Specifications on Neural Activation Patterns. Properties of hidden neurons garner increasing interest [67], as they shed light on the internal decision-making process of the neural network. Gopinath et al. [19] observed that for a fixed neural network, certain neuron activation patterns (NAPs) empirically entail a fixed prediction. More recently, Geng et al. [18] formally verified (using Marabou) the aforementioned property, along with a variety of other properties related to NAPs. Specifications related to NAPs can be conveniently encoded in Marabou. For example, specifying that a certain ReLU is activated amounts to setting the lower bound of the variable corresponding to the ReLU input to 0, using the general constraint-encoding methods in the Python/C++ API. Constraints on internal neurons, as with other constraints, can be propagated by the Preprocessor and Network-level Reasoner to tighten bounds.

Robustness Against Semantically Meaningful Perturbations. Considering specifications of perception networks, there is an ongoing effort in the verification community to go beyond adversarial robustness [5, 33, 39, 40, 62]. Marabou has been used to verify robustness against semantically meaningful perturbations that can be analytically defined/abstracted as linear constraints on the neural network inputs (e.g., brightness, uniform haze) [42]. More recently, Marabou has also been successfully applied in a neural symbolic approach, where the correct network behavior is defined with respect to that of another network [62, 64]. For example, Wu et al. [62] considered the specification that an image classifier’s prediction does not change with respect to outputs of an image generative model trained to capture a complex distribution shift (e.g., change in weather condition). A property like this can be conveniently defined in Marabou by loading the classifier and the generator through the Python API and adding the relevant constraints on/between their input and output variables.

4 Runtime Evaluation

Fig. 3.
figure 3

Runtime performance of Marabou 2.0 and an early version of Marabou on four applications supported by both versions.

We measure the performance improvement in Marabou 2.0 by comparing it against an early Marabou version (git commit 1c1c66), which can handle ReLU and Max constraints and supports symbolic bound propagation [55]. We collected four benchmark sets from the applications described in Section  3: Alternating Loop [2], DeepCert [42], NAP [18, 19], and VeriX [63]. There are 745 instances in total. Details about the benchmarks can be found in the extended version of the paper [61].

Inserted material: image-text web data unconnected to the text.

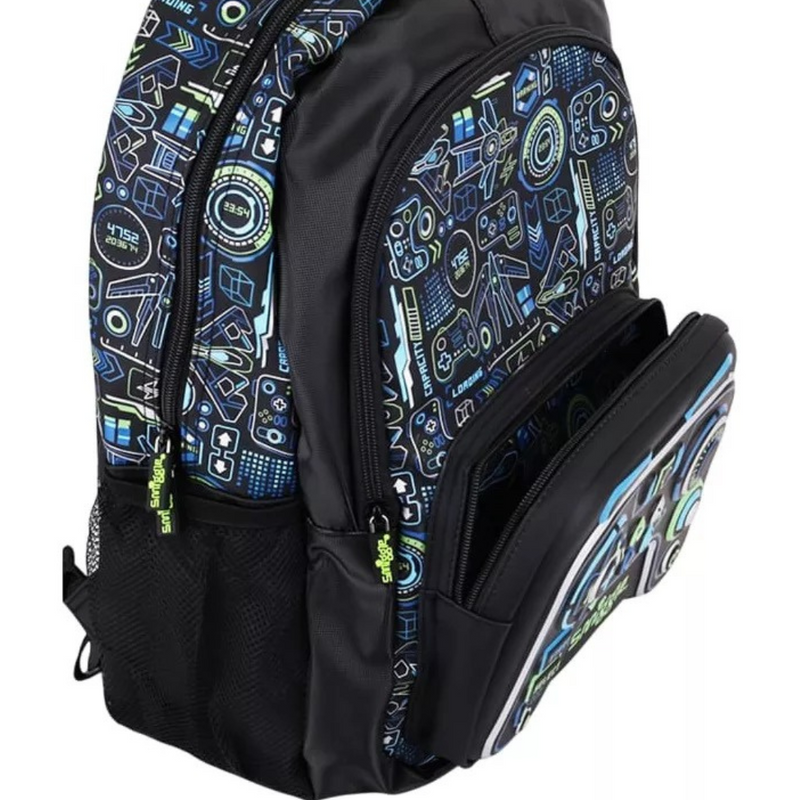 🎮 Smiggle Beta Classic Backpack | 17.8L Capacity | Virtual Gaming Adventure in Real Life! 🚀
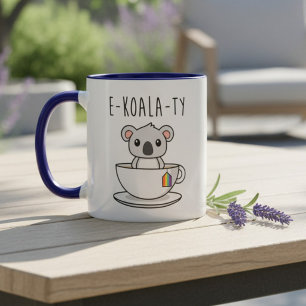 Cute LGBTQ Koala Rainbow Pride Equality Mug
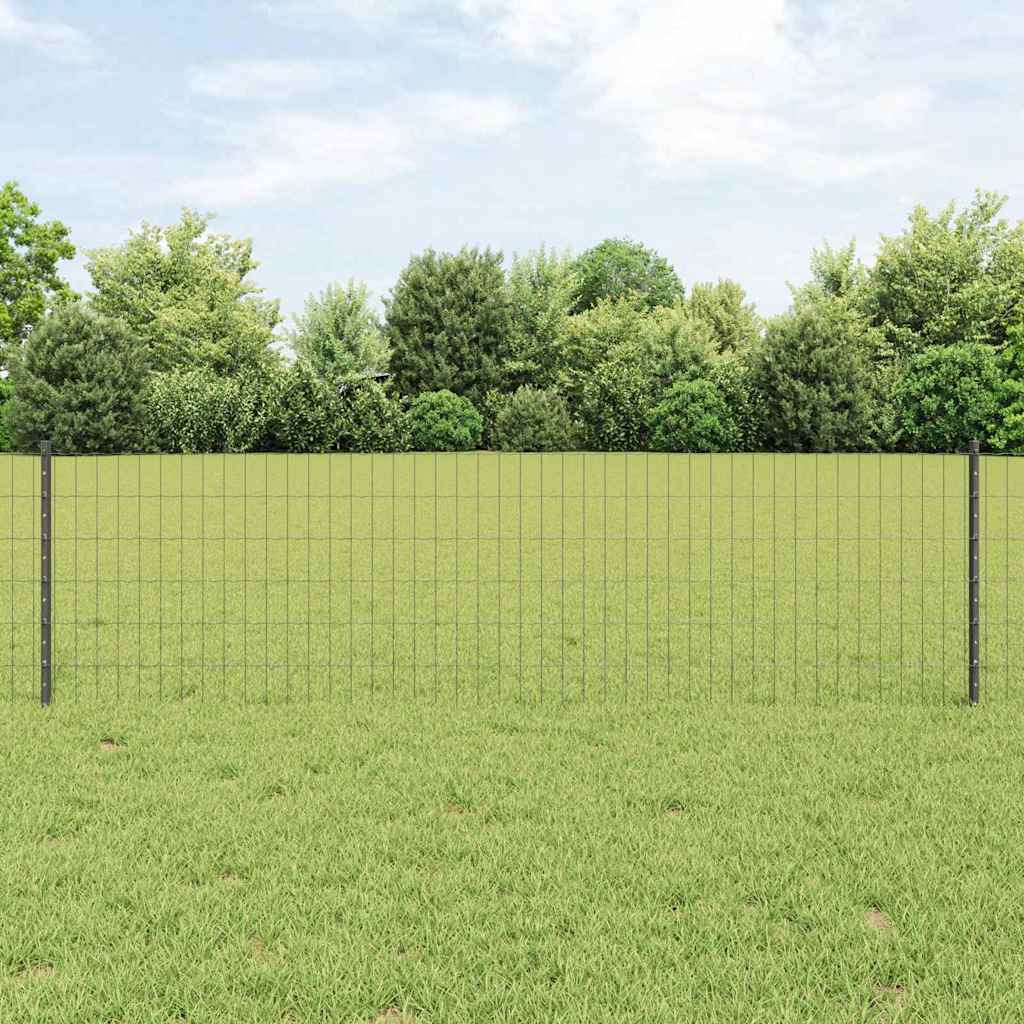 Euro Hegn med 22 U Stolper Grå 0,6x50 m Stål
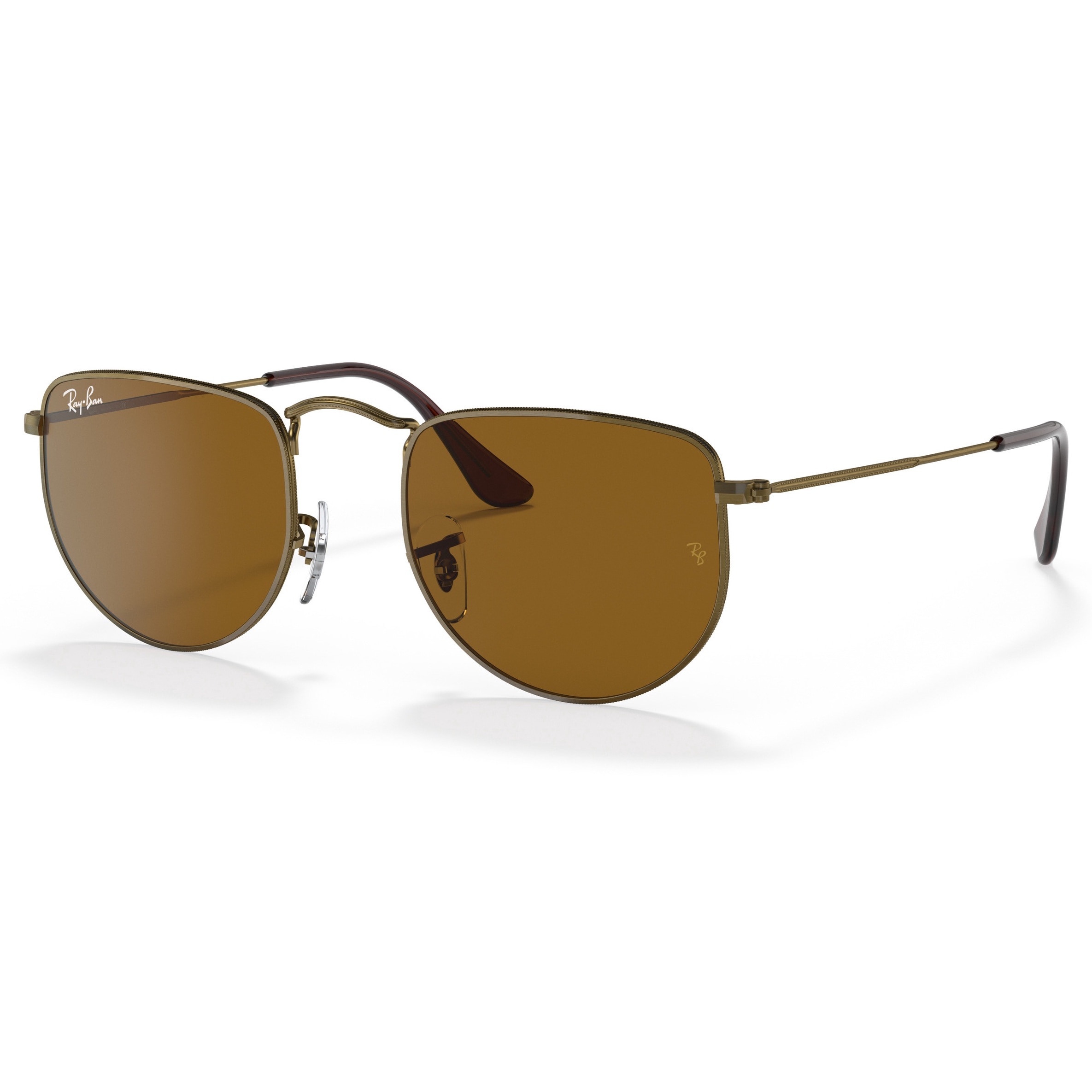 Ray Ban, Ochelari de soare aviator cu lentile polarizate, 47-20-140, Bronz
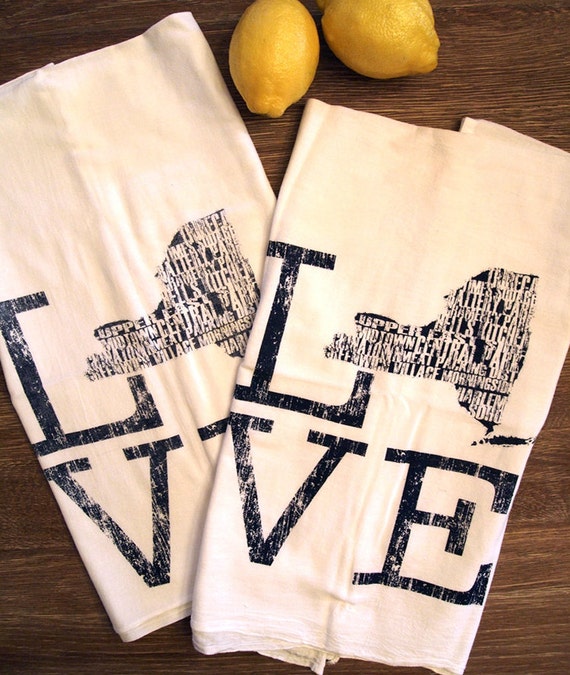 NYC Towel Set NEW YORK Burroughs MultiPurpose by ZenThreads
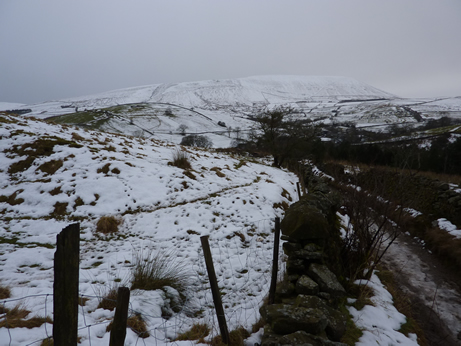 Pendle Hill in Snow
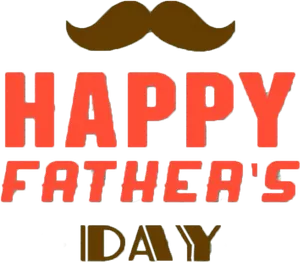 Happy Fathers Day Mustache Graphic PNG Image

Figure 3 compares the runtime of the two Marabou versions on all the benchmarks with a 1 h CPU timeout. Each configuration was given 1 core and 8GB of memory. Note that Marabou 2.0 was not configured with external solvers in this experiment. We see that Marabou 2.0 is significantly more efficient for a vast majority of the instances. Upon closer examination, an at-least \(2\times \) speed-up is achieved on 428 instances and an at-least \(10\times \) speed-up is achieved on 263 instances. Moreover, Marabou 2.0 is also significantly more memory efficient, with a median peak usage of 57MB (versus 604MB with the old version). Solvers’performance on individual benchmarks is reported in the extended version of the paper [61].

5 Conclusion and Next Steps

We have summarized the current state of Marabou, a maturing formal analyzer for neural-network-enabled systems that is under active development. In its current form, Marabou is a versatile and user-friendly toolkit suitable for a wide range of formal analysis tasks. Moving forward, we plan to improve Marabou in several dimensions. Currently, we are actively integrating a CDCL mechanism in the SMT Solver module. Given that many applications involve repeated invocation of the solver on similar queries, we also plan to support incremental solving in the style of pushing and popping constraints, leveraging the newly introduced context-dependent data structures. In addition, adding GPU support (in the Network-level Reasoner) and handling other types of non-linear constraints are also on the development agenda for Marabou.